What to produce: What is needed is a faithful copy of all the records.

(Collected data)
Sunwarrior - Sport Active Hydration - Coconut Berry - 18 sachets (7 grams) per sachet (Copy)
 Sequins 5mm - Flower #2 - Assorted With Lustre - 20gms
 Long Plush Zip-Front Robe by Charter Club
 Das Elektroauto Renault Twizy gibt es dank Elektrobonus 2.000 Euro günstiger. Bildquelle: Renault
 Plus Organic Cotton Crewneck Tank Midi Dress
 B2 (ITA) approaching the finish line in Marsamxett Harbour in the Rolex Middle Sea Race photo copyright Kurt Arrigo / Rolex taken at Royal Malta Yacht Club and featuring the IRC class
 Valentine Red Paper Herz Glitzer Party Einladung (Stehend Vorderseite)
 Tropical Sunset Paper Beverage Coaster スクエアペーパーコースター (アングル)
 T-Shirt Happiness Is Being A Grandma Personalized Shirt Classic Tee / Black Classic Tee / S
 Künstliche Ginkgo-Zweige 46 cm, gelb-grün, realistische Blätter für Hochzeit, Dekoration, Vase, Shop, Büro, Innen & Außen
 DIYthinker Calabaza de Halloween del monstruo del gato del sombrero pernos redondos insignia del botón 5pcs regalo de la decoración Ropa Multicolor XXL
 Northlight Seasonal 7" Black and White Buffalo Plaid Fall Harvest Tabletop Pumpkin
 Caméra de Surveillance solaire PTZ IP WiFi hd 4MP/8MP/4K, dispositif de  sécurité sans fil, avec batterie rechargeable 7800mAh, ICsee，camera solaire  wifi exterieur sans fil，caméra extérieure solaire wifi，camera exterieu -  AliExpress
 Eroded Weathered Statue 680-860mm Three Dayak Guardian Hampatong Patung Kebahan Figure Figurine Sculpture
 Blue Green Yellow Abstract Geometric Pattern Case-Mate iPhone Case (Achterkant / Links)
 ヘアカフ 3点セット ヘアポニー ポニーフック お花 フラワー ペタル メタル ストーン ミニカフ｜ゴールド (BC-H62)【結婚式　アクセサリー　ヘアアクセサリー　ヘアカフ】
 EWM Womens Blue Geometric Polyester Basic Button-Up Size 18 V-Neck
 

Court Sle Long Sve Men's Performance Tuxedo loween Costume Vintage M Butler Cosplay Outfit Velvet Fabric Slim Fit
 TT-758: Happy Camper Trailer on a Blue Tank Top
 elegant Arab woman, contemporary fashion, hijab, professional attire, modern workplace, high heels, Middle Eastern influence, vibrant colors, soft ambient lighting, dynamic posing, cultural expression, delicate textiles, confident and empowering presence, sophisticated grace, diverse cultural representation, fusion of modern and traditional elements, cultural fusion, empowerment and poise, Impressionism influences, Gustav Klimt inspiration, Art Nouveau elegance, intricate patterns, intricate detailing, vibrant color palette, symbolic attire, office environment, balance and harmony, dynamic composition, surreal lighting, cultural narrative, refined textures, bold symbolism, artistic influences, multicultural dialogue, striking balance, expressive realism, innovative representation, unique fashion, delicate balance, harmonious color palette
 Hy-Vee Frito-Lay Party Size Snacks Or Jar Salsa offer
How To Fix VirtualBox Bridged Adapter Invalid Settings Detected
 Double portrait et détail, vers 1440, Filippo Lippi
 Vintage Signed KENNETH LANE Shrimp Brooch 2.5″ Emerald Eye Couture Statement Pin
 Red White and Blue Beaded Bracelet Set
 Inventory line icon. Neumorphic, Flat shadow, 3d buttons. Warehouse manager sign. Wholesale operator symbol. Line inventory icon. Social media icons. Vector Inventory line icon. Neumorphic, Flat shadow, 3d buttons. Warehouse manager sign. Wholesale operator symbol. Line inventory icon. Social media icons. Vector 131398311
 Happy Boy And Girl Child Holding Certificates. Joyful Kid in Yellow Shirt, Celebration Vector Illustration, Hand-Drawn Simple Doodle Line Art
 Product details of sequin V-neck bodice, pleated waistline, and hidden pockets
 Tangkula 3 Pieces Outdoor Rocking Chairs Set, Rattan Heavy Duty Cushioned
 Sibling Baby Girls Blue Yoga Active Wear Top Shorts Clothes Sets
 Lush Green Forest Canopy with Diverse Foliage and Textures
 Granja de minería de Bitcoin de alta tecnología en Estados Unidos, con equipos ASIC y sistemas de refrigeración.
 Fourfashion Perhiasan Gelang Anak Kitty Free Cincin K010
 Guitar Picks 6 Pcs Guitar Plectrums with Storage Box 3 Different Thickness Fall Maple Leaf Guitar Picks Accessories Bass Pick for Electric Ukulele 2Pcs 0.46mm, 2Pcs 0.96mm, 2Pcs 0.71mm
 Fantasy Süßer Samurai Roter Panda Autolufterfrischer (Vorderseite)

Answer for this exercise:
Sunwarrior - Sport Active Hydration - Coconut Berry - 18 sachets (7 grams) per sachet (Copy)
 Sequins 5mm - Flower #2 - Assorted With Lustre - 20gms
 Long Plush Zip-Front Robe by Charter Club
 Das Elektroauto Renault Twizy gibt es dank Elektrobonus 2.000 Euro günstiger. Bildquelle: Renault
 Plus Organic Cotton Crewneck Tank Midi Dress
 B2 (ITA) approaching the finish line in Marsamxett Harbour in the Rolex Middle Sea Race photo copyright Kurt Arrigo / Rolex taken at Royal Malta Yacht Club and featuring the IRC class
 Valentine Red Paper Herz Glitzer Party Einladung (Stehend Vorderseite)
 Tropical Sunset Paper Beverage Coaster スクエアペーパーコースター (アングル)
 T-Shirt Happiness Is Being A Grandma Personalized Shirt Classic Tee / Black Classic Tee / S
 Künstliche Ginkgo-Zweige 46 cm, gelb-grün, realistische Blätter für Hochzeit, Dekoration, Vase, Shop, Büro, Innen & Außen
 DIYthinker Calabaza de Halloween del monstruo del gato del sombrero pernos redondos insignia del botón 5pcs regalo de la decoración Ropa Multicolor XXL
 Northlight Seasonal 7" Black and White Buffalo Plaid Fall Harvest Tabletop Pumpkin
 Caméra de Surveillance solaire PTZ IP WiFi hd 4MP/8MP/4K, dispositif de  sécurité sans fil, avec batterie rechargeable 7800mAh, ICsee，camera solaire  wifi exterieur sans fil，caméra extérieure solaire wifi，camera exterieu -  AliExpress
 Eroded Weathered Statue 680-860mm Three Dayak Guardian Hampatong Patung Kebahan Figure Figurine Sculpture
 Blue Green Yellow Abstract Geometric Pattern Case-Mate iPhone Case (Achterkant / Links)
 ヘアカフ 3点セット ヘアポニー ポニーフック お花 フラワー ペタル メタル ストーン ミニカフ｜ゴールド (BC-H62)【結婚式　アクセサリー　ヘアアクセサリー　ヘアカフ】
 EWM Womens Blue Geometric Polyester Basic Button-Up Size 18 V-Neck
 

Court Sle Long Sve Men's Performance Tuxedo loween Costume Vintage M Butler Cosplay Outfit Velvet Fabric Slim Fit
 TT-758: Happy Camper Trailer on a Blue Tank Top
 elegant Arab woman, contemporary fashion, hijab, professional attire, modern workplace, high heels, Middle Eastern influence, vibrant colors, soft ambient lighting, dynamic posing, cultural expression, delicate textiles, confident and empowering presence, sophisticated grace, diverse cultural representation, fusion of modern and traditional elements, cultural fusion, empowerment and poise, Impressionism influences, Gustav Klimt inspiration, Art Nouveau elegance, intricate patterns, intricate detailing, vibrant color palette, symbolic attire, office environment, balance and harmony, dynamic composition, surreal lighting, cultural narrative, refined textures, bold symbolism, artistic influences, multicultural dialogue, striking balance, expressive realism, innovative representation, unique fashion, delicate balance, harmonious color palette
 Hy-Vee Frito-Lay Party Size Snacks Or Jar Salsa offer
How To Fix VirtualBox Bridged Adapter Invalid Settings Detected
 Double portrait et détail, vers 1440, Filippo Lippi
 Vintage Signed KENNETH LANE Shrimp Brooch 2.5″ Emerald Eye Couture Statement Pin
 Red White and Blue Beaded Bracelet Set
 Inventory line icon. Neumorphic, Flat shadow, 3d buttons. Warehouse manager sign. Wholesale operator symbol. Line inventory icon. Social media icons. Vector Inventory line icon. Neumorphic, Flat shadow, 3d buttons. Warehouse manager sign. Wholesale operator symbol. Line inventory icon. Social media icons. Vector 131398311
 Happy Boy And Girl Child Holding Certificates. Joyful Kid in Yellow Shirt, Celebration Vector Illustration, Hand-Drawn Simple Doodle Line Art
 Product details of sequin V-neck bodice, pleated waistline, and hidden pockets
 Tangkula 3 Pieces Outdoor Rocking Chairs Set, Rattan Heavy Duty Cushioned
 Sibling Baby Girls Blue Yoga Active Wear Top Shorts Clothes Sets
 Lush Green Forest Canopy with Diverse Foliage and Textures
 Granja de minería de Bitcoin de alta tecnología en Estados Unidos, con equipos ASIC y sistemas de refrigeración.
 Fourfashion Perhiasan Gelang Anak Kitty Free Cincin K010
 Guitar Picks 6 Pcs Guitar Plectrums with Storage Box 3 Different Thickness Fall Maple Leaf Guitar Picks Accessories Bass Pick for Electric Ukulele 2Pcs 0.46mm, 2Pcs 0.96mm, 2Pcs 0.71mm
 Fantasy Süßer Samurai Roter Panda Autolufterfrischer (Vorderseite)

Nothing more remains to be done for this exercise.